> [To do] Restate word for word the lines below from the one that has "Super July Girl Baby Onesie" through the one that has "Totally Bamboo Salad", keeping both and dropping all pictures.

> [Data for analysis]
#####

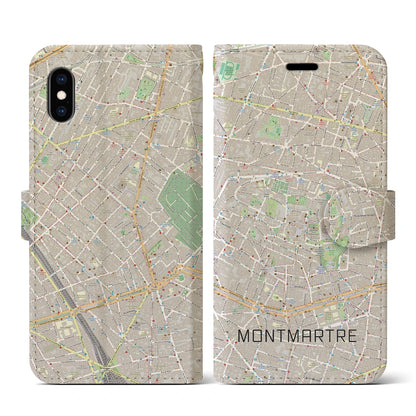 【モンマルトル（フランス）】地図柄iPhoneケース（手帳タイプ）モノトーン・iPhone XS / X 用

#####

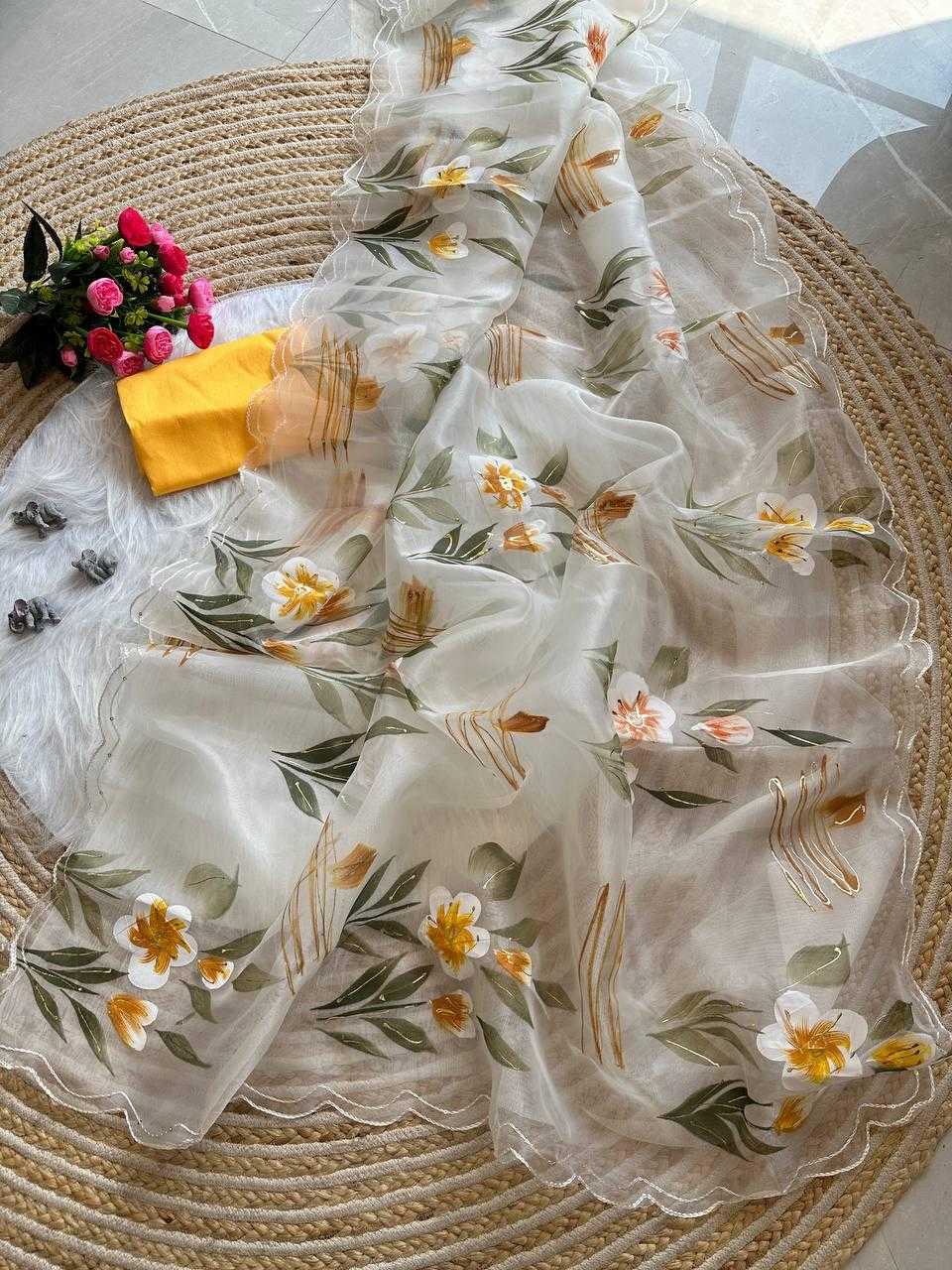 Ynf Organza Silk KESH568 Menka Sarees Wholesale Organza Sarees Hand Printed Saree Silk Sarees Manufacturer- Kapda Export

#####

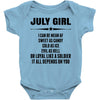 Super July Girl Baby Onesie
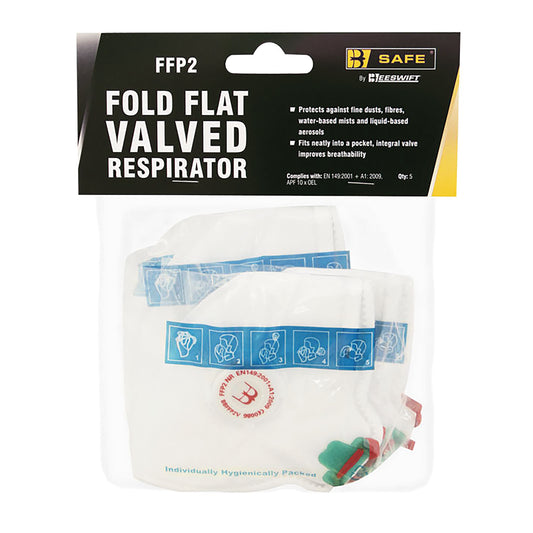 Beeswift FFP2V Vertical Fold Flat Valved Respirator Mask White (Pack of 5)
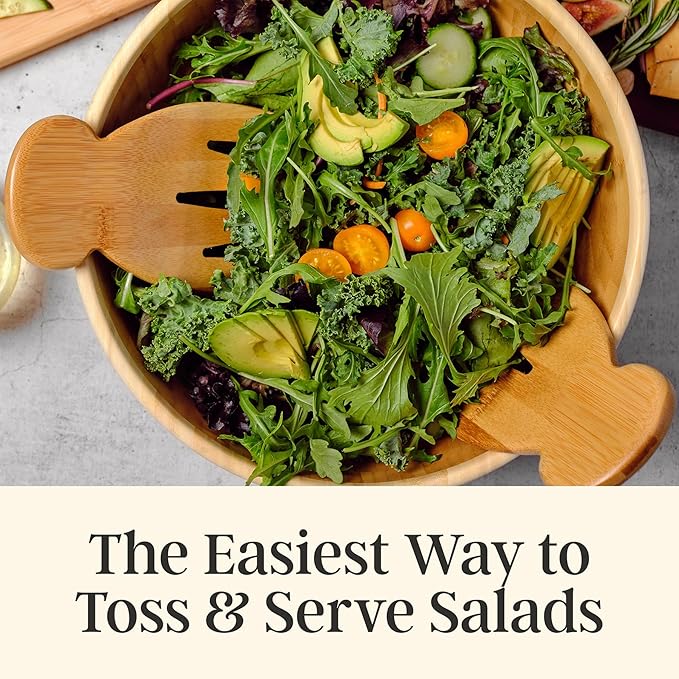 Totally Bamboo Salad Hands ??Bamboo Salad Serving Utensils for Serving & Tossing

#####

> [Completed exercise]
 Super July Girl Baby Onesie
 Beeswift FFP2V Vertical Fold Flat Valved Respirator Mask White (Pack of 5)
 Totally Bamboo Salad Hands ??Bamboo Salad Serving Utensils for Serving & Tossing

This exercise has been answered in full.